Rheinische Post - Wesel/Dinslaken
Die FDP dreht am Rad
Keine drei Tage sind vergangen, seit Bundesfinanzminister Christian Lindner die Förderung von E-autos komplett infrage stellte. Nun will der FDP-CHEF die gerade beschlossene Abkehr der EU vom Verbrennungsmotor ab 2035 blockieren. Damit tritt er das Gaspedal auf dem sorgsam gepflegten Grün seines Koalitionspartners voll durch. Darüber wächst unter Regierungspartnern, die in ökologischen Dingen ohnehin keine Liebesheirat verbindet, wohl so schnell nicht wieder Gras. Selbst Anhänger der Liberalen dürften sich fragen, ob die FDP jetzt ganz am Rad dreht. Noch zu Jahresbeginn hatte Bundesverkehrsminister Volker Wissing die Verbraucher davor gewarnt, weiter auf Verbrenner zu setzen.

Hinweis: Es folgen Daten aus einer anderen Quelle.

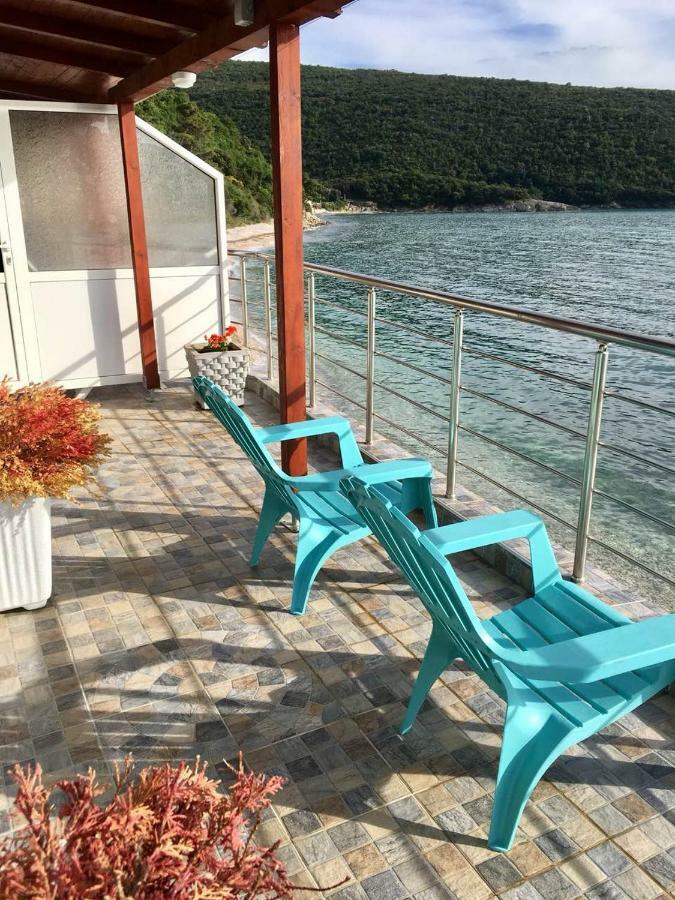 Summer House Mm Ulcinj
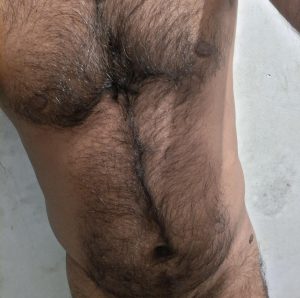 කාන්තාවන් පමණි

Jetzt erklärt derselbe Volker Wissing, Lindner habe die richtigen Worte gefunden: Bei den Antrieben müsse man technologieoffen bleiben.

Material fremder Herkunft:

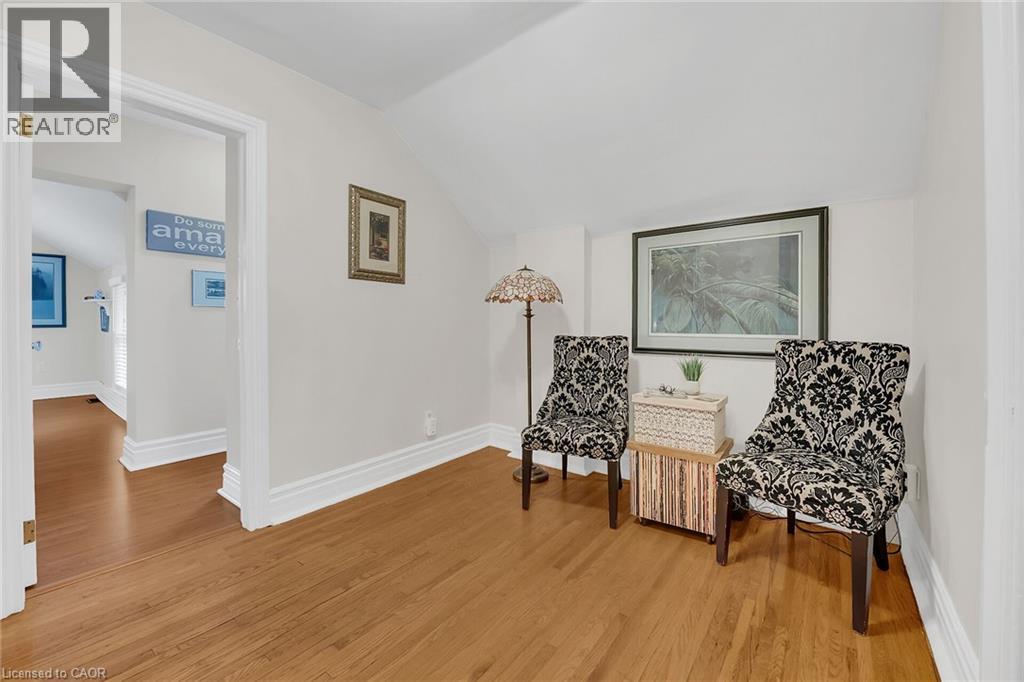 91 Pearl Street S, Hamilton, Ontario  L9G 1Z6 - Photo 14 - 40761511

Während den einen gerade vor Staunen der Unterkiefer herunterfällt, dürfte sich Lindner des Beifalls eines erheblichen Teils der deutschen Autofahrer gewiss sein. Im Kern aber dreht sich der Streit in der Koalition hauptsächlich um den Einsatz von sogenannten E-FUels. Das Fahren eines herkömmlichen Autos mit dem synthetischen Sprit verbraucht allerdings etwa fünfbis sechsmal so viel sauberen Strom wie das Fahren eines Elektroautos. E-fuels sollen vor allem in Flugzeugen oder Schiffen eingesetzt werden.

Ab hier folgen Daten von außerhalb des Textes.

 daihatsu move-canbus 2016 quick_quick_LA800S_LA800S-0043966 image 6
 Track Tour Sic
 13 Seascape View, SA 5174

Nun ist es keineswegs so, als dürften Verbrenner ab 2035 gar nicht mehr fahren. Und bis die letzten um die Jahrhundertmitte ihren Geist aufgeben, geht noch viel Zeit ins Land. Noch dazu wollen die meisten Fahrzeughersteller schon vor der von der EU gesetzten Frist freiwillig vollständig elektrisch unterwegs sein: Audi ab 2033, VW zwischen 2032 und 2035, und selbst Mercedes hat den baldigen Umstieg angekündigt. Der Verbrennungsmotor hat nicht die Zukunft, die Christian Lindner ihm zugestehen möchte.